When marketers seek viable options for exporting a megabrand into an adjacency, rarely do they find opportunities to improve delivery on current primary consumer needs. Instead, destinations for megabrand equities often call for “activating” a secondary consumer need. That is, elevating the role of a less critical need to a more influential role on consumer purchasing decisions. Successful megabranding often is the result of activating needs that were less influential because no brand was currently focused on that need. Brands that succeed have a strong core strategy and a sizeable marketing investment to energize this shift in consumer thinking and behavior.

Brands that succeed have a strong core strategy...

Clorox capitalized on the sustainability trend when it activated the eco-friendly driver in home cleaning with its 2008 introduction of Green Works. Being the first mainstream brand to get a substantial portion of the market to think differently, Green Works generated significantly higher volume than the leader in this segment and helped grow the environmental cleaning category 40% in its first year.

Credibility carries clout

Big names carry weight and can also do wonders when introduced into underdeveloped markets and segments just by lending credibility to the mix.

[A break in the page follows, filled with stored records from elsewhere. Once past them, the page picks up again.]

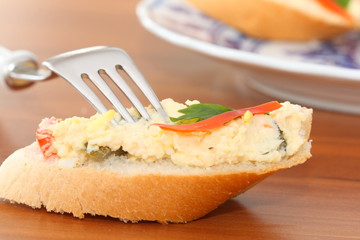 slice of French bread with salad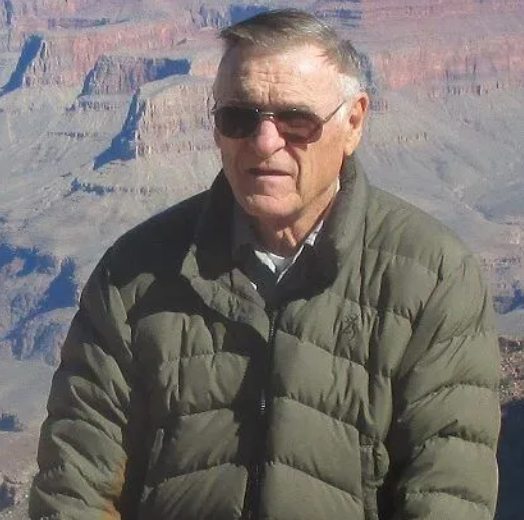 Man in plaid shirt and cap, next to a yellow floatplane, holding its wing.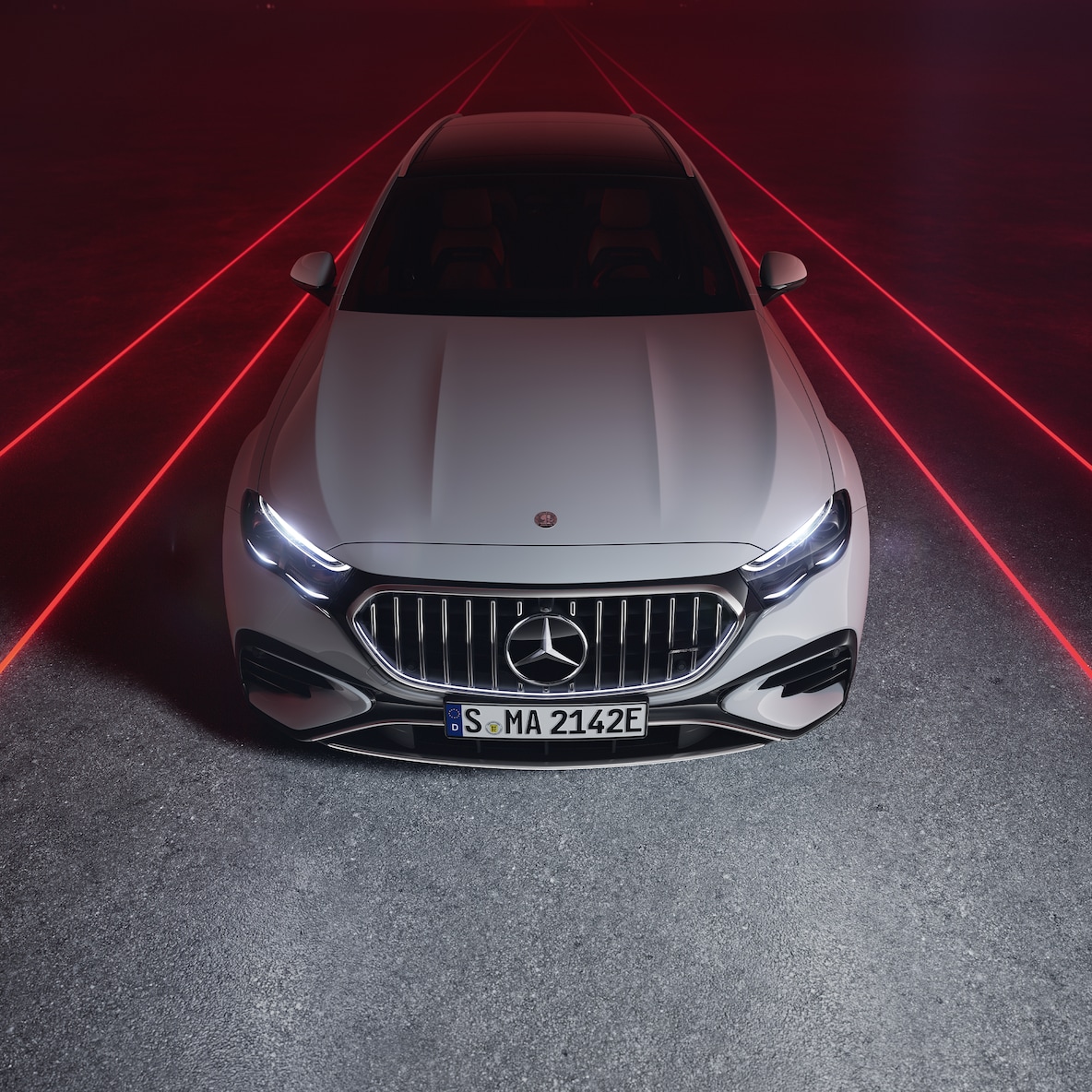 Mercedes-AMG E 53 HYBRID 4MATIC+ framifrån mot en röd bakgrund, sedd uppifrån.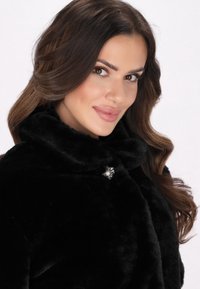 Palton negru din blană sintetică cu guler înalt, având un accent floral argintiu. Textură netedă, aspect moale și croială îngrijită.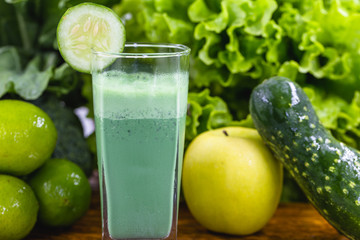 Green smoothie on dark wood background. Healthy smoothie herbal cocktail. Green fruits and vegetables. Healthy food and diet concept.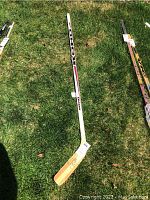 Full length of the KOHO hockey stick laid on grass, showing white shaft with branding and natural wood blade.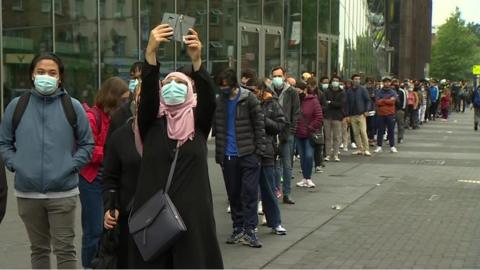 Woman taking photo on phone in front of queue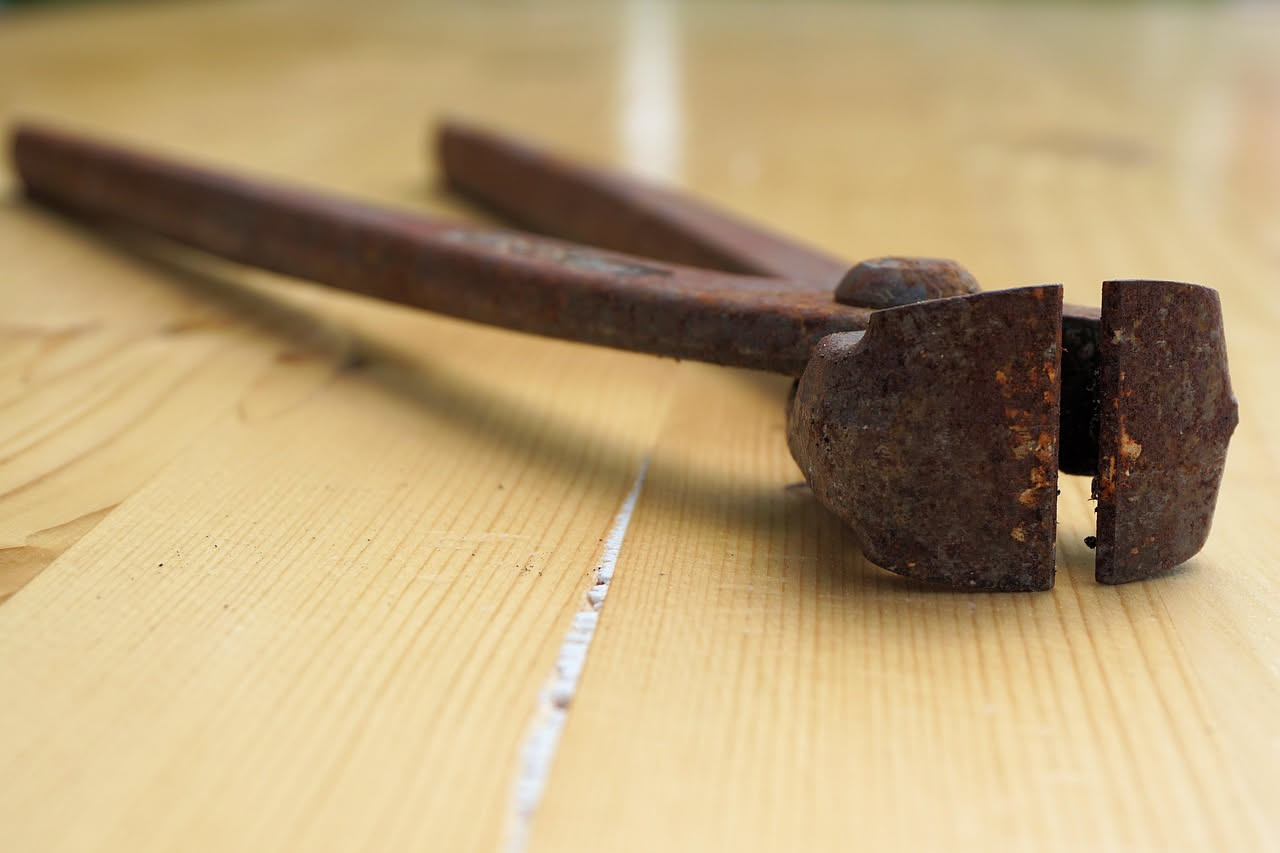 Dettaglio ravvicinato di un bordo di tavolo in legno scuro con una scheggia mancante nel lato esterno del piano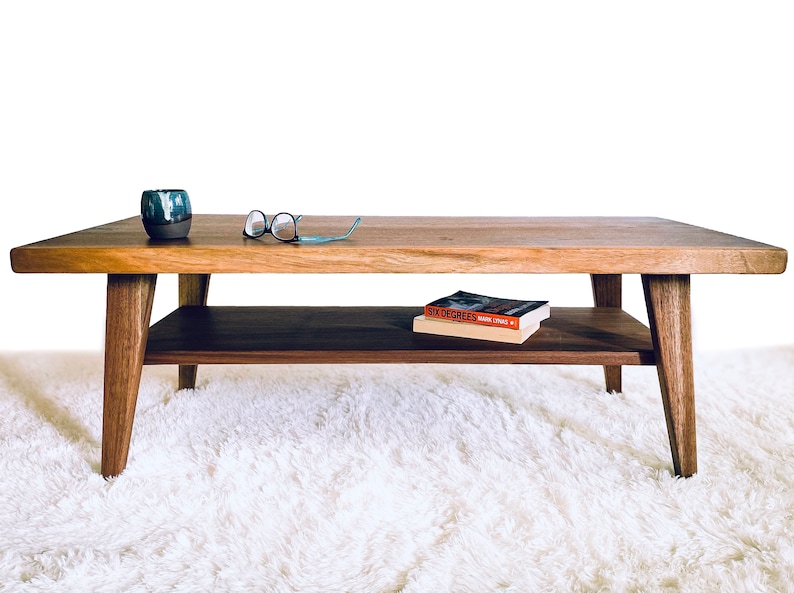 May include: A wooden coffee table with a lower shelf. The table has a natural wood finish and is sitting on a white shag rug. There are glasses and a book titled "Six Degrees" on the table.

For example, the fledgling brand Clean Shower was slowly building the daily shower cleaner category in the late 1990s when Tilex, Scrubbing Bubbles and Lysol entered the fray, which instantly legitimized the category for consumers and volume responded. While the expected return from this basic strategy may be modest, it can be executed quicker and with less risk.

Find the specific equity and how it is relevant and transferable...

Brands with strong sales are good potential candidates for extension and megabranding, but this is not necessarily the most critical factor. A strong and specific equity may be the more important issue for creating a megabrand platform. The key is to find the specific equity and how it is relevant and transferable to a different category. Sometimes big brands do not have the flexibility for megabranding, but smaller brands might.

For example, Mr. Clean was a relatively small brand in the U.S. through 2002, selling dilutable cleaners with a 10% share of the market. But the brand had broad awareness and recognition, a strong cleaning equity, and an iconic visual equity. When Procter & Gamble launched Mr. Clean Magic Eraser in 2003, it leveraged its equity to establish credibility for this novel product.

Invest for growth

The fact is, megabranding programs are typically only as effective as their marketing support. Most marketers do not employ megabranding as just an efficiency play. Rather, they view it as an opportunity to grow volume and share. While there is no single support strategy that fits all cases, it is clear that most marketers have devoted substantial marketing support to capitalize on megabranding initiatives.

Most successful megabrand strategies do not place great weight on family messaging...

As support is allocated, we believe in most cases that dedicated support for the adjacent extension is important. There is a logical attraction to brand-family communication strategies given the potential for marketing efficiencies. However, most successful megabrand strategies that we have examined do not place great weight on family messaging. In most cases, a critical need exists to educate and convince consumers about the megabrand’s relevance in the adjacency. Family messaging may play a role later in the megabrand’s evolution, but in the introductory time period, more focused support should usually be the priority.

Occasionally, a megabrand strategy is implemented as a swapout of an existing equity for a megabrand. In this case, a co-branded approach is wise. A timely example exists in dish care, where Reckitt-Benckiser is replacing Jet-Dry for the Finish brand on its rinse aids, and also converting its Electrasol detergent to the Finish franchise. As the Finish branding is implemented, there is a visible co-branding for at least an introductory period and a healthy level of media support for the megabrand. This approach provides clarity for Jet Dry and Electrasol consumers.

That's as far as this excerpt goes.